Ben Markovits

Running out of time

In Two Hours Ed Caesar tracks the footsteps of the remarkably athletic Kalenjin tribe

issue 11 July 2015

Two Hours is a kind of Hoop Dreams for runners. Ed Caesar follows a handful of Kenyan marathoners, tracks their races and careers, and talks to them about their lives. Part of what’s moving about the book is the sense you get that these athletes (the children mostly of subsistence farmers from the Rift Valley in East Africa, who sometimes had to break rocks to pay for their primary schooling) were born with an inheritance as rich as any Notting Hill trustfunder’s — except that instead of stock options and the deeds to a house they have inherited a series of genetic codes which give them long, light legs and an extraordinary capacity to burn oxygen efficiently.

At least, that’s one way of telling the story:

What’s so intriguing about Kenya’s success at long distances, and what makes the scientists who study the reasons behind that success so excited, is that their champions almost uniformly hail from one tribe: the Kalenjin.

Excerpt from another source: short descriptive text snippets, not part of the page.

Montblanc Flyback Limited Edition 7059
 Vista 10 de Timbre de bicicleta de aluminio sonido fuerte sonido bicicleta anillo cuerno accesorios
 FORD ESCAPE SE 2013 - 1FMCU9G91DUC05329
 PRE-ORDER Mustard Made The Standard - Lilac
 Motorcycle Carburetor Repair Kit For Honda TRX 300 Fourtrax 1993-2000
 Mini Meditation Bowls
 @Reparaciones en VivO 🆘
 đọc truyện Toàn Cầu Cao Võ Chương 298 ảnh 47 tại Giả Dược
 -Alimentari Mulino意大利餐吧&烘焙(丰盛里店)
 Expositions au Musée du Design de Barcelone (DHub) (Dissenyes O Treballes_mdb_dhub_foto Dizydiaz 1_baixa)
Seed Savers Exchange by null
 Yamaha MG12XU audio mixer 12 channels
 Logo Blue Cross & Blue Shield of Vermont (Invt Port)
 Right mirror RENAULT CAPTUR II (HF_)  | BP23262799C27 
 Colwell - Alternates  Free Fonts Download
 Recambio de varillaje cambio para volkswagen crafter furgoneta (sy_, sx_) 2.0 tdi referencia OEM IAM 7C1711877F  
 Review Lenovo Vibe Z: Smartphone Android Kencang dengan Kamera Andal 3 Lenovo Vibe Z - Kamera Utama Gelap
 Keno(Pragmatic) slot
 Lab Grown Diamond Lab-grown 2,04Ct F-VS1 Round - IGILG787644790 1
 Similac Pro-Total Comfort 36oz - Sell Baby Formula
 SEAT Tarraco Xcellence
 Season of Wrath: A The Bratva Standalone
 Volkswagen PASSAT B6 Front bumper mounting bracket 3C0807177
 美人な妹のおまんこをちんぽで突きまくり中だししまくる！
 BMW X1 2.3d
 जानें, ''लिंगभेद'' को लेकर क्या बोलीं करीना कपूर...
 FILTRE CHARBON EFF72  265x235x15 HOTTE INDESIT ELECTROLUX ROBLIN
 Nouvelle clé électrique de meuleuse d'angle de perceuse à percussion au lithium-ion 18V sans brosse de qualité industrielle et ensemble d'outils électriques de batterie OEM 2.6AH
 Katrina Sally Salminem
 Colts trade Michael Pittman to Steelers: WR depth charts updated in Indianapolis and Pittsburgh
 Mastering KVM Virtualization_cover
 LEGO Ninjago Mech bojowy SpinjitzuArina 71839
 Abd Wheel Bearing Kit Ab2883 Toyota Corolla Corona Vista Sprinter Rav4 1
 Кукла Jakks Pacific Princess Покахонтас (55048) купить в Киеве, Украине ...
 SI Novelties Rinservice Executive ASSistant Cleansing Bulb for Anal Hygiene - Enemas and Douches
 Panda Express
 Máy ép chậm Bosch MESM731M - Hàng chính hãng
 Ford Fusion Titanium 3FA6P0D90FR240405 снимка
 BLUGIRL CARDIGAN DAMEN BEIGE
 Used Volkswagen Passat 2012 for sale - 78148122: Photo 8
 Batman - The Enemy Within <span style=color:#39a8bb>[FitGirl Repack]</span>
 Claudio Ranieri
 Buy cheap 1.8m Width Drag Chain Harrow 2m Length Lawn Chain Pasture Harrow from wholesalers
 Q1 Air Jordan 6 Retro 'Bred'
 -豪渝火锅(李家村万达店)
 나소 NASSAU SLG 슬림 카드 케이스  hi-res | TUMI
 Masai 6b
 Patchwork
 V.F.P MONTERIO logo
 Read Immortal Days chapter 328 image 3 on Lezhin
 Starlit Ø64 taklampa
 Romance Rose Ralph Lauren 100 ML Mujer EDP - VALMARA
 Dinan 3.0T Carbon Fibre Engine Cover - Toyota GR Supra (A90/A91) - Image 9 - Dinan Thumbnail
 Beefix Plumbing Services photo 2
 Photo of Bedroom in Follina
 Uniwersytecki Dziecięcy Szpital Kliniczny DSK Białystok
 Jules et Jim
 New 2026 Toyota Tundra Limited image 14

Caesar quotes from David Epstein’s book The Sports Gene, which puts their success down to a curious historic combination of facts. The Kalenjin are originally a valley tribe who have moved up recently into the mountains, so they combine the lung surface area of people born at altitude with the ‘sea-level ancestry’ that allows their haemoglobin to respond quickly to training at elevation.

And yet gene science hasn’t managed to prove the nature side of this argument — at least not yet. The consensus seems to be, we don’t have enough information, and some of the smart money is on nurture, too. Culture plays a large part in all this. Kenyans themselves seem to take a democratic view of their success. It’s a peculiarity of Kalenjins, says one European coach, that they possess utter faith that ‘anybody can run — it’s only a question of training.